# [What you will do]
Please restate the entries below word for word, leaving out any pictures.

Stored dataset items:
[Start of Attachment]
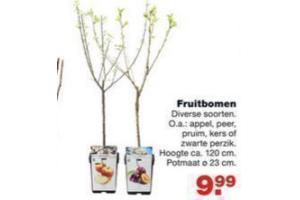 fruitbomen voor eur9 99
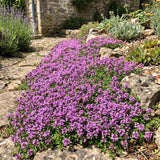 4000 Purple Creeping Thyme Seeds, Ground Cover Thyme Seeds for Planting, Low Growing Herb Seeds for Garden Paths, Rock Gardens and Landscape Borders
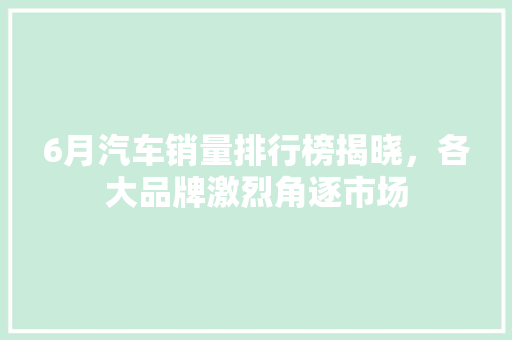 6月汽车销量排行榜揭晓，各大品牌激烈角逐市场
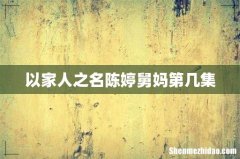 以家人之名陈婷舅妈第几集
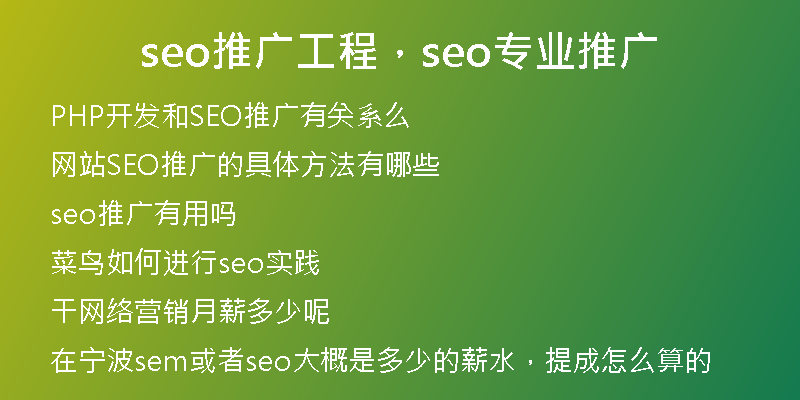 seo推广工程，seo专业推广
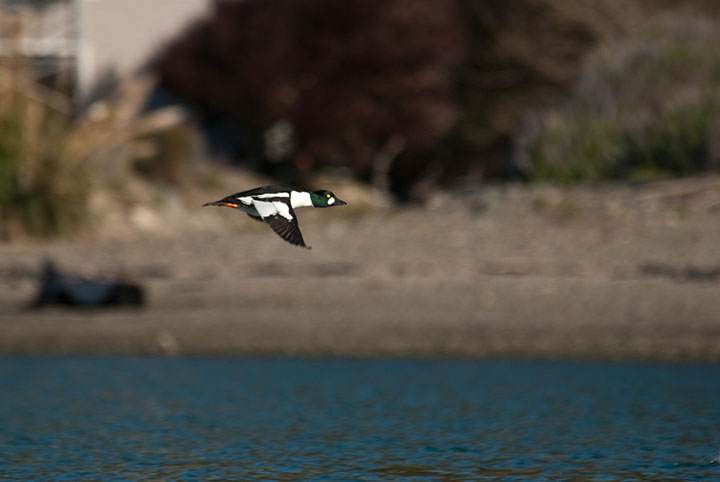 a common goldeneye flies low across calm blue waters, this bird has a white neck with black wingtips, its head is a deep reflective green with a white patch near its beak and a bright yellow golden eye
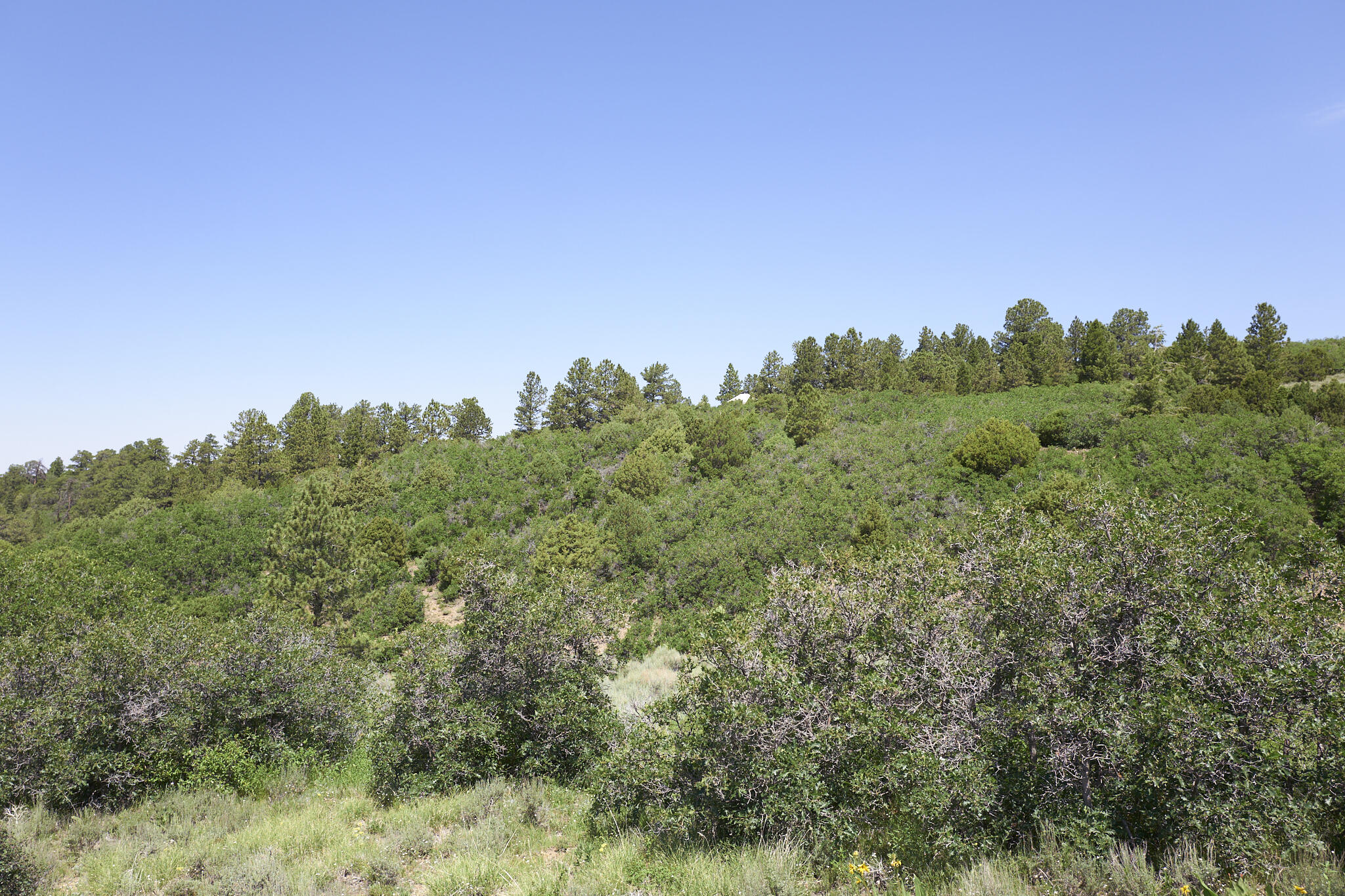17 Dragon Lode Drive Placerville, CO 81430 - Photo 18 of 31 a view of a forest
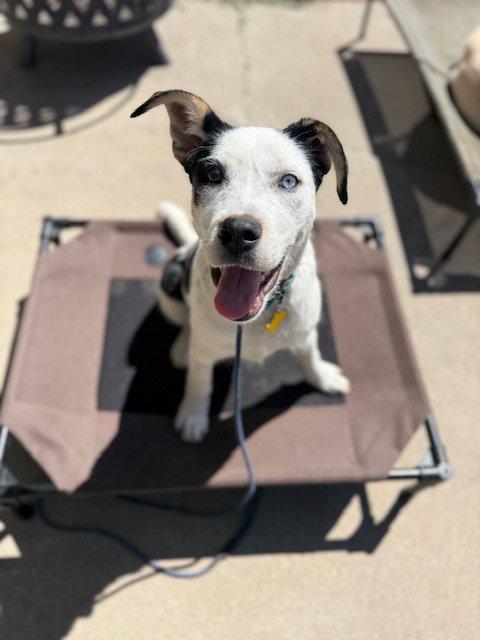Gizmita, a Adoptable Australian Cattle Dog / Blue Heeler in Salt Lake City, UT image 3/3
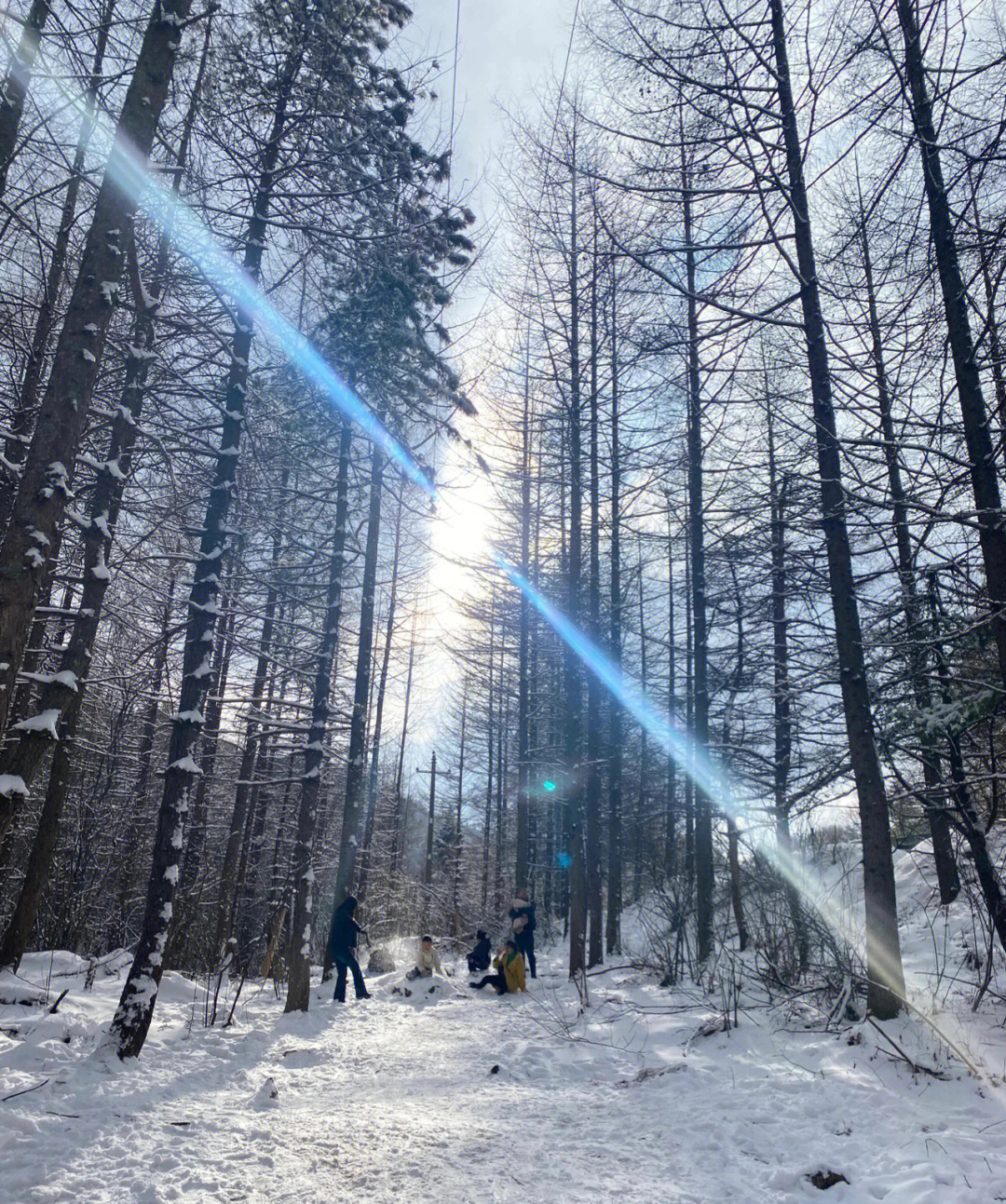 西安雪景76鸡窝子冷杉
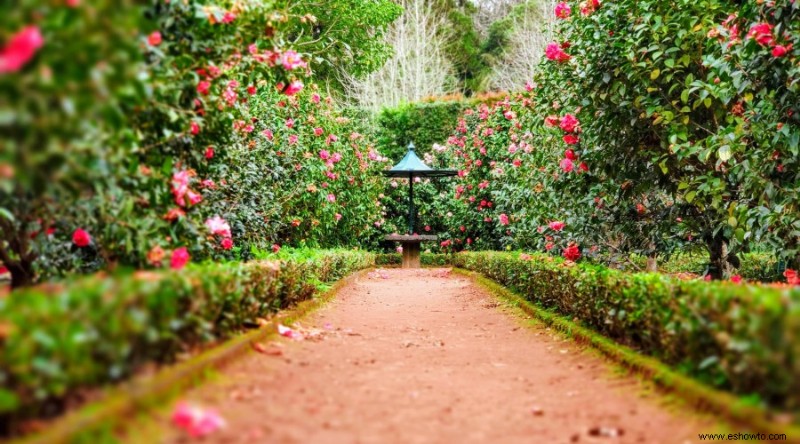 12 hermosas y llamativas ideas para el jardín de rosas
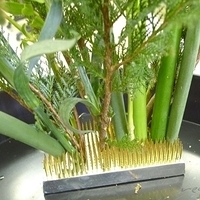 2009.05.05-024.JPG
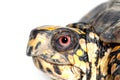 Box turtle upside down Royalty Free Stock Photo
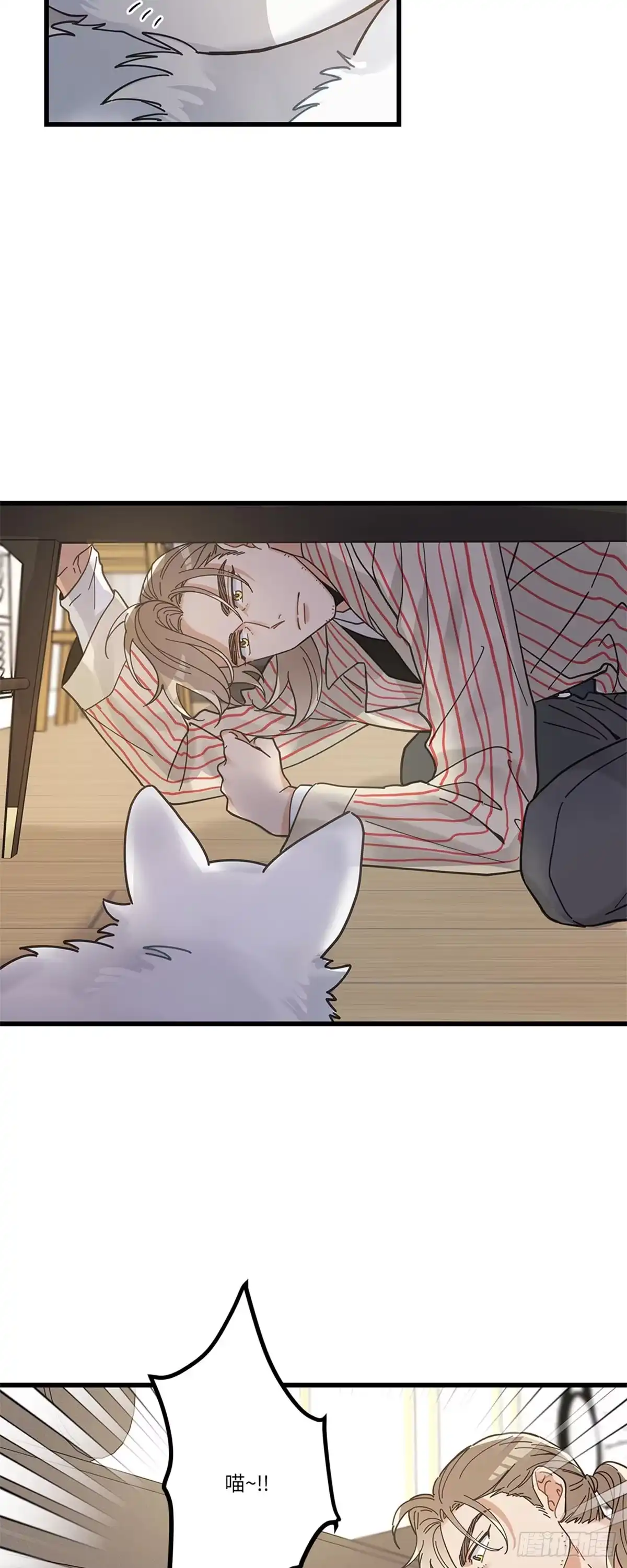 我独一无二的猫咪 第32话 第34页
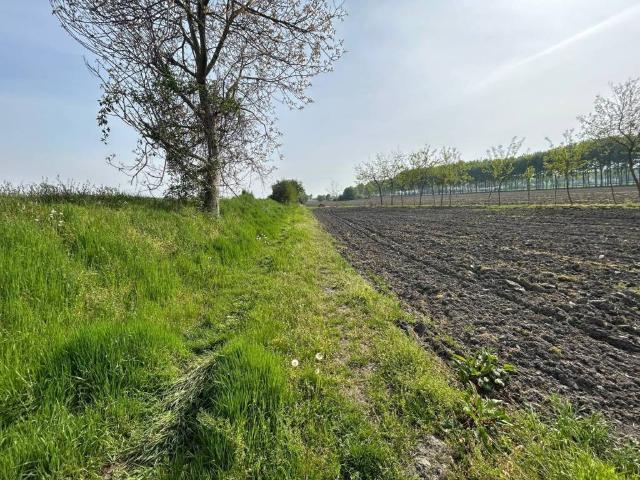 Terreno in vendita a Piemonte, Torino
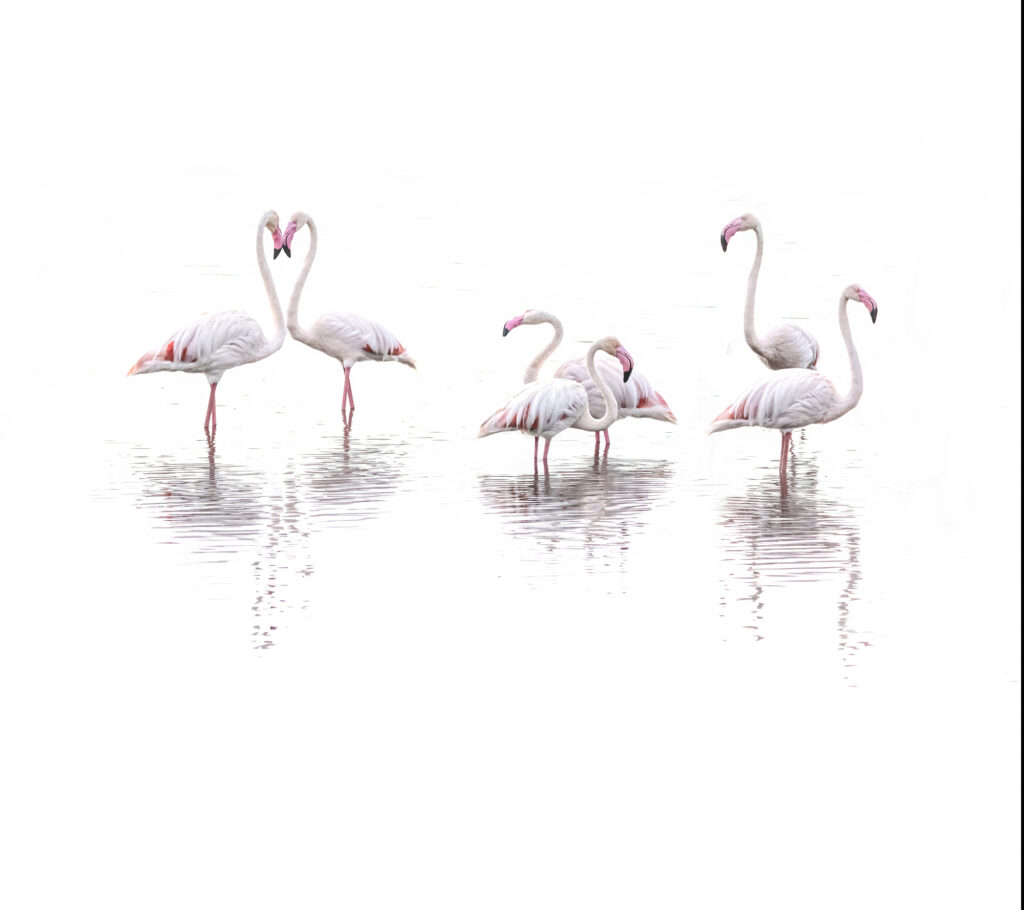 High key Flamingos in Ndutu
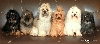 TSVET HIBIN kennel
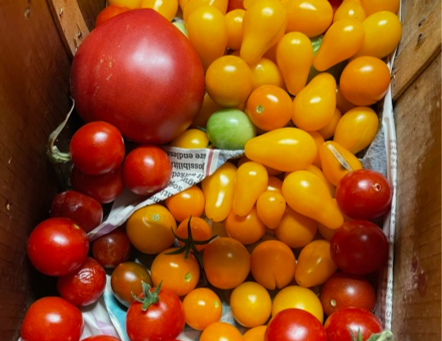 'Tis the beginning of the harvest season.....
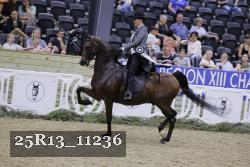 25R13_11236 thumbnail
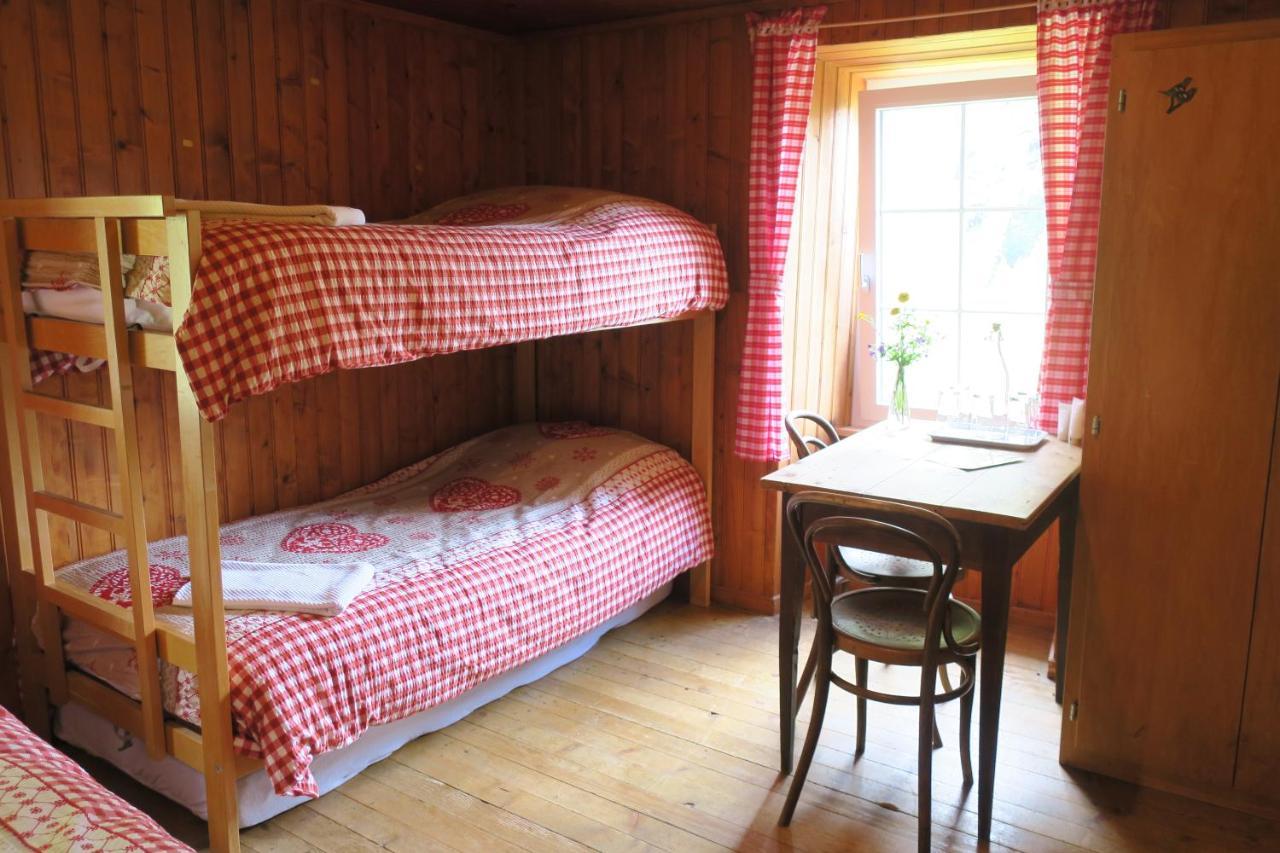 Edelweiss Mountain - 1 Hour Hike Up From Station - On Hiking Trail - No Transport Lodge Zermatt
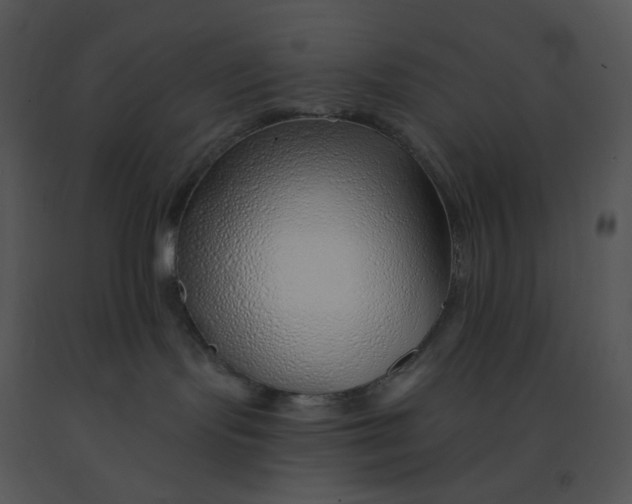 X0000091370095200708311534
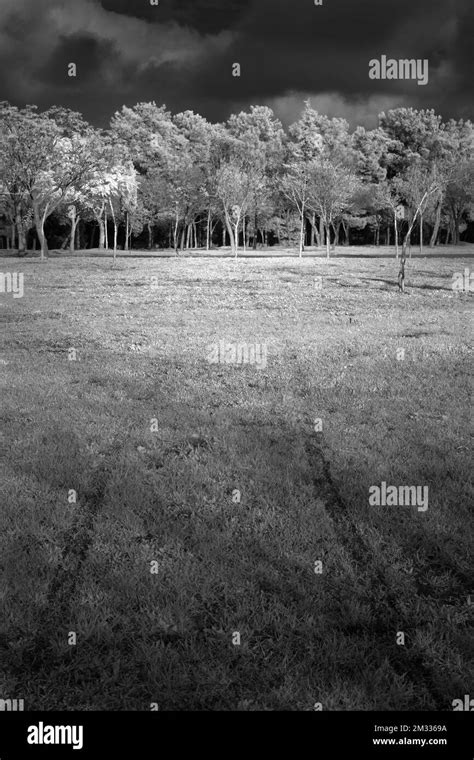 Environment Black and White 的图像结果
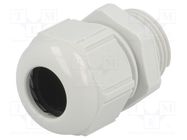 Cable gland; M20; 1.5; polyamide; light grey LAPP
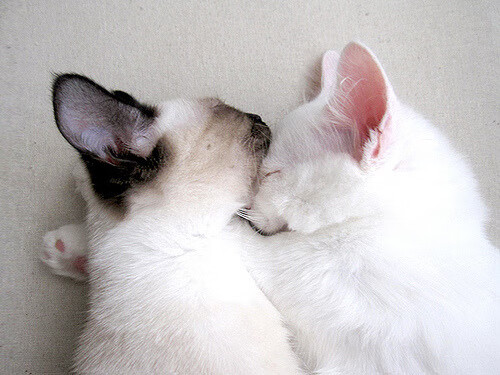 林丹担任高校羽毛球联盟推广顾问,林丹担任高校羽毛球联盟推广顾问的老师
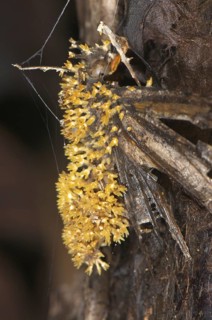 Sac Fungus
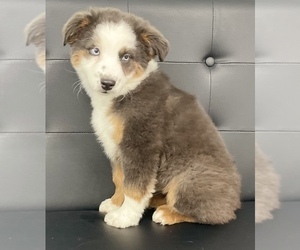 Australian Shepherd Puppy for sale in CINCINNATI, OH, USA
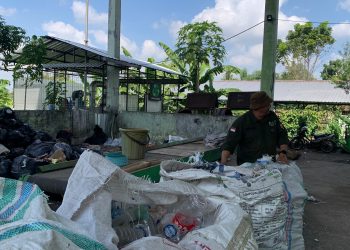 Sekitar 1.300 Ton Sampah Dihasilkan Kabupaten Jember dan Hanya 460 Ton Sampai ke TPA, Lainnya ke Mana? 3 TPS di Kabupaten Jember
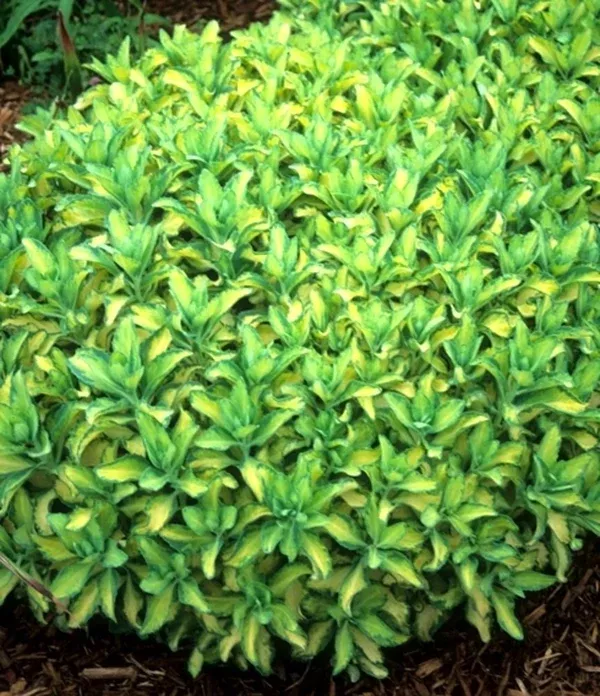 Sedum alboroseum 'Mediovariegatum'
[End of Attachment]
# [Answer for this exercise]
 fruitbomen voor eur9 99
 4000 Purple Creeping Thyme Seeds, Ground Cover Thyme Seeds for Planting, Low Growing Herb Seeds for Garden Paths, Rock Gardens and Landscape Borders
 6月汽车销量排行榜揭晓，各大品牌激烈角逐市场
 以家人之名陈婷舅妈第几集
 seo推广工程，seo专业推广
 a common goldeneye flies low across calm blue waters, this bird has a white neck with black wingtips, its head is a deep reflective green with a white patch near its beak and a bright yellow golden eye
17 Dragon Lode Drive Placerville, CO 81430 - Photo 18 of 31 a view of a forest
Gizmita, a Adoptable Australian Cattle Dog / Blue Heeler in Salt Lake City, UT image 3/3
 西安雪景76鸡窝子冷杉
 12 hermosas y llamativas ideas para el jardín de rosas
 2009.05.05-024.JPG
 Box turtle upside down Royalty Free Stock Photo
 我独一无二的猫咪 第32话 第34页
 Terreno in vendita a Piemonte, Torino
 High key Flamingos in Ndutu
 TSVET HIBIN kennel
 'Tis the beginning of the harvest season.....
 25R13_11236 thumbnail
 Edelweiss Mountain - 1 Hour Hike Up From Station - On Hiking Trail - No Transport Lodge Zermatt
 X0000091370095200708311534
 Environment Black and White 的图像结果
 Cable gland; M20; 1.5; polyamide; light grey LAPP
 林丹担任高校羽毛球联盟推广顾问,林丹担任高校羽毛球联盟推广顾问的老师
 Sac Fungus
 Australian Shepherd Puppy for sale in CINCINNATI, OH, USA
 Sekitar 1.300 Ton Sampah Dihasilkan Kabupaten Jember dan Hanya 460 Ton Sampai ke TPA, Lainnya ke Mana? 3 TPS di Kabupaten Jember
 Sedum alboroseum 'Mediovariegatum'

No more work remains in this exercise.